(Web page caption snippets)
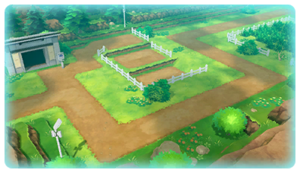 Route 8 (Kanto) LGPE.png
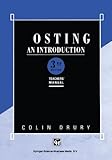Costing : an introduction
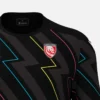Gloucester Rugby 2025/26 Warm Up Tee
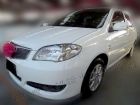 台南市Toyota 豐田 Vios TOYOTA 豐田 / Vios中古車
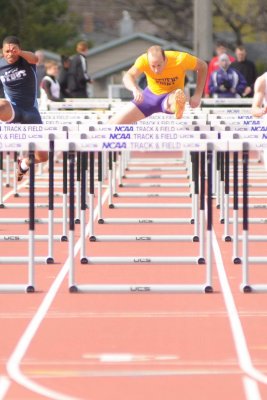 2009 WICA Prelim_007.jpg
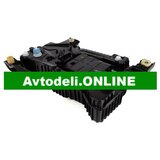 CITROËN/PEUGEOT Originalni avtodeli za | Shoptok.si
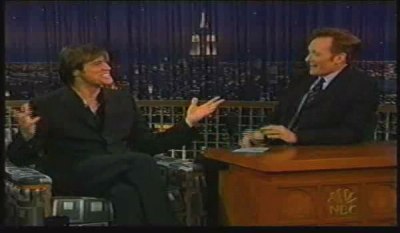 conan162.jpg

_PROMPT_
Print all data above verbatim, except pictures.

_SOLUTION FOR THIS PROBLEM_
 Route 8 (Kanto) LGPE.png
Costing : an introduction
Gloucester Rugby 2025/26 Warm Up Tee
 台南市Toyota 豐田 Vios TOYOTA 豐田 / Vios中古車
 2009 WICA Prelim_007.jpg
 CITROËN/PEUGEOT Originalni avtodeli za | Shoptok.si
 conan162.jpg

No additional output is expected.